I'm glad Robbo made this thread as it gives people something to shoot for and to compare with to get tips for increasing speed

With x10 it's a bios fault and not a cpu issue,some mobo's wont allow higher apparently.
When you hit your fsb wall thats all your getting,the cpu-nb won't go higher








so many ram and cpu overclocking options but nothing for the cpu-nb!


----------



## robbo2

Chances are BWG will take over either the spreadsheet or the OP as I have no experience doing google docs







I will however be updating the one that is there till that is sorted. Only it will have to wait till I get home from work in about 10 hours


----------



## solar0987

Settling for this
Im done tweaking for now muahahahah


----------



## BWG

robbo, I think it is going to work best if I takeover post 1. I started that process with iceblade. If you would rather do it the other way, I don't care. What other things do you guys want to see? Obviously split DDR2 from DDR3. How about splitting off X2, X4, and X6 too?

I figured that we could put other information in the spreadsheet too like DDR voltage and CPU voltage. I could add a tutorial on the basics for ram optimization to make your results better on MaxxMem.

All in all, this is robbo's baby. He made it, and it was a great idea. Why didn't anyone think of this before


----------



## Slappa

Quote:



Originally Posted by *Atomfix*


lol, I just got my Northbridge upto 3400MHz with my 1055T, Was pumping 1.6V into CPU and CPU-NB, and 1.85V into Memory, still very unstable though










Managed to get a score of 11.93GB/s though, my highest yet, it crashed shortly after as I started up 3DMark11 lol



Dangerous IMO. Thuban hates high memory voltage. Doesn't like anything over 1.75 really. You might fry the IMC. And 1.6 adds a lot of heat.

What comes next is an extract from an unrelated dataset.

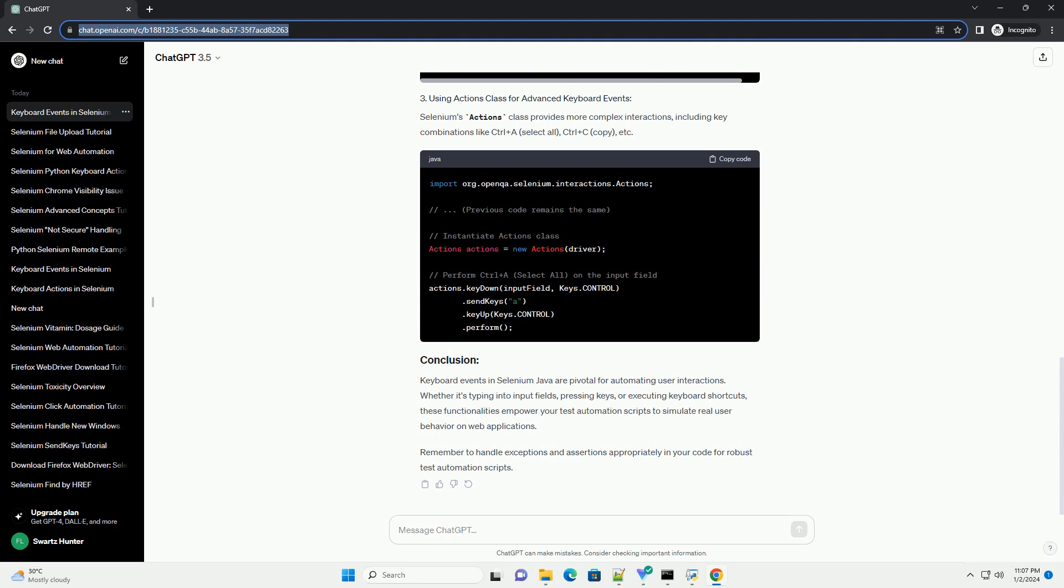Whether it's typing into input fields, pressing keys, or executing keyboard shortcuts, these functionalities empower your test automation scripts to simulate real user behavior on web applications. Remember to handle exceptions and assertions appropriately in your code for robust test automation scripts.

But if you're like me you ignore that and kept going anyways


----------



## Atomfix

Quote:


> Originally Posted by *Slappa;14630147*
> Dangerous IMO. Thuban hates high memory voltage. Doesn't like anything over 1.75 really. You might fry the IMC. And 1.6 adds a lot of heat.
> 
> But if you're like me you ignore that and kept going anyways


Yup.... I just keep going haha, if it dies, I would pick up a 1090T anyways lol


----------



## BWG

I have to stop on the spreadsheet for now. I will try to finish the entries tonight.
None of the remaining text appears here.